Insulin Sensitivity Factor for Steroid-Induced Hyperglycemia
For a patient on prednisone 40 mg daily (20 mg BID) with NPH insulin 50 U AM and 24 U PM, start with an insulin sensitivity factor (ISF) of 1:30 to 1:40 (1 unit of insulin lowers blood glucose by 30-40 mg/dL), recognizing that steroid-induced insulin resistance will require significantly more aggressive correction than typical calculations suggest.
Understanding the Clinical Context
This patient presents a complex scenario of steroid-induced hyperglycemia, which fundamentally alters insulin sensitivity.
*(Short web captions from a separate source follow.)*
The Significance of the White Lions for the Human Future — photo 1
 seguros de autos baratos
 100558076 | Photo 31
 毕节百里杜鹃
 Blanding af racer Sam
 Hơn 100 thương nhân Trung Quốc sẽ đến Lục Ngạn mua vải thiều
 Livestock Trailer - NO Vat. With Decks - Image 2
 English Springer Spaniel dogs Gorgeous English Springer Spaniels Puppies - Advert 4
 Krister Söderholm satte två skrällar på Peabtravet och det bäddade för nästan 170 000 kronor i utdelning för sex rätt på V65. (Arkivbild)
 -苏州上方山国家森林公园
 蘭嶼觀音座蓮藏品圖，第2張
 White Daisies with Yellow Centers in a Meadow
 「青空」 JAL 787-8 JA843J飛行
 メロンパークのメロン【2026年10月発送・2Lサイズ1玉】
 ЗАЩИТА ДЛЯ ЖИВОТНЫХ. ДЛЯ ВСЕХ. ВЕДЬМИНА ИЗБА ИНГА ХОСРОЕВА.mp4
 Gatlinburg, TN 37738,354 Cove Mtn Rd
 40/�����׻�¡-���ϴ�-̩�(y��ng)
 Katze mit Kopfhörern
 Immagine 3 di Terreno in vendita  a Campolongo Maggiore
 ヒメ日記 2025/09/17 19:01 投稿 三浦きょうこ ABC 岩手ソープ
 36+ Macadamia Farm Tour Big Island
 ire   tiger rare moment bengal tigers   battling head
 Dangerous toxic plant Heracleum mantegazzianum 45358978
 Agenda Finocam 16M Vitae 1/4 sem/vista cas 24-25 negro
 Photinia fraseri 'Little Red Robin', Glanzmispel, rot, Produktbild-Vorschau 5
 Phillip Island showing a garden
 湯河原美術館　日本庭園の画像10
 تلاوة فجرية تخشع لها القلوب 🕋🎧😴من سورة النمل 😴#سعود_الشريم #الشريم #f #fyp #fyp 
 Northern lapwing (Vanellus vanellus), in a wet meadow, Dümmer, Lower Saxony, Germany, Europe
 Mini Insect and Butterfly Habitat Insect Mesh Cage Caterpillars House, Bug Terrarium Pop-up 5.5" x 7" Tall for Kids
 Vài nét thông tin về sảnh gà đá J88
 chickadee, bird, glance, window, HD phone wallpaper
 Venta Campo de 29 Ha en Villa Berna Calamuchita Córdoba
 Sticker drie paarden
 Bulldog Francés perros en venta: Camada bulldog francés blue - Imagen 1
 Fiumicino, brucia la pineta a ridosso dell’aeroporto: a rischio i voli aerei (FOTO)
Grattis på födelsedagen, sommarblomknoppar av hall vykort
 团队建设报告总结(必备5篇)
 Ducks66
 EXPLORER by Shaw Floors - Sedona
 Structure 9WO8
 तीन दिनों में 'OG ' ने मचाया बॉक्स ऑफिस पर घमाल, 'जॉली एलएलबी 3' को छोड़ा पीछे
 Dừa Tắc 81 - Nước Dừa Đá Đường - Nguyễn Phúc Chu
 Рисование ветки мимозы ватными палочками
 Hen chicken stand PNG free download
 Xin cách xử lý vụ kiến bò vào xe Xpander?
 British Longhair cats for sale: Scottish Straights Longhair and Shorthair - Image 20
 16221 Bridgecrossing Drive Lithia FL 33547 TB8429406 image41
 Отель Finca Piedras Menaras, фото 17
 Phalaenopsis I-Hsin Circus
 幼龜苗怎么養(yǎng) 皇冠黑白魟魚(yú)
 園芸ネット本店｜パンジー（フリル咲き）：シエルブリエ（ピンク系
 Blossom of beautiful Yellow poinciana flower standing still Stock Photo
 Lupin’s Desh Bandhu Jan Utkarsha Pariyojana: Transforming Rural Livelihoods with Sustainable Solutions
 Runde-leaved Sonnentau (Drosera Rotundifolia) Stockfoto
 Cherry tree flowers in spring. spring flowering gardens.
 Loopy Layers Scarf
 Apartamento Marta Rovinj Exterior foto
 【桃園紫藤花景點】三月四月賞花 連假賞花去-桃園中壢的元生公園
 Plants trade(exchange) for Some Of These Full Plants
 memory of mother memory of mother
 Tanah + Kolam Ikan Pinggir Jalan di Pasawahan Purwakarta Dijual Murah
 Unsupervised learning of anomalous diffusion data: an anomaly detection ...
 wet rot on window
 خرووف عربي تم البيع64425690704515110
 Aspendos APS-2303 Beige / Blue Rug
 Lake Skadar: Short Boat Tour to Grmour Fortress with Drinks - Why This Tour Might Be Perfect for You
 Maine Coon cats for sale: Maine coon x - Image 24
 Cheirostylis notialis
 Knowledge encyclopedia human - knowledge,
The prednisone 40 mg daily dose creates substantial insulin resistance, particularly affecting afternoon and evening glucose levels 1.
Key Physiological Considerations
Prednisone's impact on insulin requirements:
- Insulin resistance increases by approximately 64-70% during glucocorticoid therapy 2, 3
- The current total daily insulin dose of 74 units (50 AM + 24 PM NPH) may already reflect this increased requirement
- Maximal hyperglycemic effect occurs between midday and midnight, corresponding to prednisone's pharmacodynamics 4
Calculating the Insulin Sensitivity Factor
Standard Calculation Method
The traditional "1800 rule" or "1500 rule" provides a starting framework 5:
Using the 1800 rule:
- ISF = 1800 ÷ Total Daily Insulin Dose
- ISF = 1800 ÷ 74 units = approximately 1:24
However, this calculation requires critical adjustment for steroid use.
Adjusted ISF for Steroid-Induced Hyperglycemia
The evidence strongly suggests more conservative (higher) ISF values are needed:
Initial ISF recommendation: 1:30 to 1:40
Time-of-day considerations:
- Morning/midday ISF: 1:30 (more aggressive, as steroid effect peaks)
- Evening/bedtime ISF: 1:40 (more conservative, as steroid effect diminishes and NPH peaks overnight)
Critical Management Principles
NPH Timing Optimization
The current twice-daily NPH regimen is appropriate for steroid-induced hyperglycemia 1. The 2025 ADA guidelines specifically recommend morning NPH dosing for steroid-induced hyperglycemia, and this patient's 50 U AM dose aligns with this recommendation.
Monitoring and Titration Strategy
Adjust ISF based on pattern analysis:
- If correction doses consistently fail to bring glucose to target → decrease ISF (e.g., from 1:40 to 1:30)
- If hypoglycemia occurs after corrections → increase ISF (e.g., from 1:30 to 1:50)
- Reassess every 2-3 days as steroid dose or insulin requirements change 1
Common Pitfalls to Avoid
Using standard ISF calculations without steroid adjustment - This leads to overcorrection and hypoglycemia risk, particularly at night when steroid effect wanes while NPH peaks 4
Applying the same ISF throughout the day - Steroid-induced hyperglycemia has distinct diurnal patterns requiring time-specific ISF values 6, 7
Failing to reduce ISF when prednisone is tapered - Insulin sensitivity rapidly improves when steroids are discontinued; ISF should be recalculated within 24-48 hours of dose reduction 2
Practical Implementation Algorithm
Step 1: Start with ISF 1:30 for daytime corrections (0600-1800)
Step 2: Use ISF 1:40 for evening/bedtime corrections (1800-0600)
Step 3: Monitor pre-meal and bedtime glucose for 2-3 days
Step 4: Adjust based on patterns:
- If >50% of post-correction values remain >180 mg/dL → decrease ISF by 10 points
- If any glucose <70 mg/dL after correction → increase ISF by 10 points
Step 5: When prednisone dose changes, recalculate ISF using the 1800 rule with new total daily insulin dose, then apply steroid adjustment factor
Carbohydrate Coverage Consideration
With 220 g carbohydrate daily distributed across meals, the insulin-to-carbohydrate ratio (ICR) also requires attention. Using the "500 rule":
- ICR = 500 ÷ 74 = approximately 1:7 (1 unit per 7 g carbohydrate)
- This should be adjusted similarly to ISF, potentially to 1:5 or 1:6 during peak steroid effect 5
Evidence Strength and Nuances
The 2025 ADA guidelines 1 provide the framework for NPH-based regimens but do not specify ISF calculations for steroid-induced hyperglycemia. Research evidence 2, 4, 6 demonstrates that insulin requirements increase 30-70% with glucocorticoids, supporting more conservative ISF values than standard calculations suggest.
The most robust evidence comes from the 2018 randomized trial 6 showing NPH-based protocols improve glycemic control in hospitalized patients on corticosteroids, and the 2017 study 4 demonstrating that standard basal-bolus regimens may undertreat daytime hyperglycemia while causing nocturnal hypoglycemia.